Ma la vera domanda viene a questo punto: posto che una volta tanto il costo del lavoro, la produttività, l’assenteismo, gli scioperi non c’entrano nulla, che cosa si può fare?
Per rispondere bisogna ricapitolare alcuni dati di fondo della situazione dell’Alcoa. Lo stabilimento sardo di Portovesme finora è rimasto in Sardegna per due ragioni di fondo. Primo, perché la domanda di alluminio non era fiacca come oggi.
Secondo, perché lo Stato italiano, che fa pagare l’energia uno sproposito (+30% rispetto alla già alta media europea) all’Alcoa concedeva tariffe superagevolate, naturalmente facendole pesare sulla bolletta di tutti noi, famiglie e imprese che pagano l’energia elettrica a prezzo pieno. Questo avveniva per ragioni puramente politiche, ossia per salvare voti e posti di lavoro, o meglio per salvare voti pagandoli in posti di lavoro. Ma pagandoli quanto? Un calcolo molto rozzo, basato sulla spesa totale negli ultimi 15 anni e sul numero di posti di lavoro salvati, suggerisce che ogni posto di lavoro sia costato ai contribuenti circa 200 mila euro l’anno. Una follia, vista la leggerezza delle buste paga degli operai.
Ora le autorità europee hanno stabilito che quelli erano aiuti di Stato (si vedeva a occhio nudo, ma abbiamo finto di dover attendere un pronunciamento ufficiale) e la multinazionale americana ha capito che non c’è più trippa per gatti. Smantellerà un po’ di stabilimenti in Europa, e ne costruirà uno megagalattico in Arabia Saudita, ovvero in un posto dove è più conveniente produrre.
Ora torniamo alla nostra domanda di partenza. Che cosa si può fare?

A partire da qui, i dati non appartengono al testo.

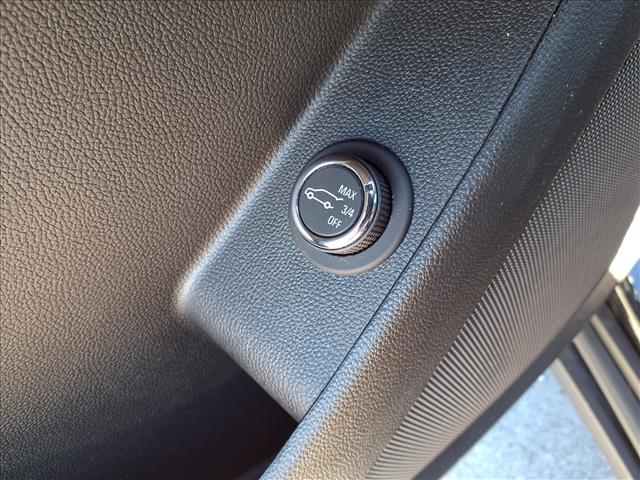 Photo of 2023 Chevrolet Traverse LT Cloth in Clyde, OH - 32,  2023 Chevrolet Traverse LT Cloth:CP2318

Mi spiace essere crudo, ma la sola risposta che mi sento di dare è: niente. O meglio: molto di assistenziale e nulla di industriale. Siamo in Europa, e gli operai che perdono il lavoro hanno diritto a qualche forma di sostegno del reddito, e a essere aiutati nella ricerca di un posto di lavoro nuovo. Ma non raccontiamoci la fiaba che spingere un’azienda straniera a produrre in perdita sul nostro suolo sia «politica industriale», o sia una scelta razionale. La realtà è che produrre in Europa è sempre meno conveniente, per l’incredibile matassa di vincoli e regolamenti che ci siamo dati negli anni. E in alcuni paesi europei, fra cui l’Italia, l’energia (in particolare elettrica) costa troppo, come ha giustamente fatto notare il presidente di Confindustria Giorgio Squinzi.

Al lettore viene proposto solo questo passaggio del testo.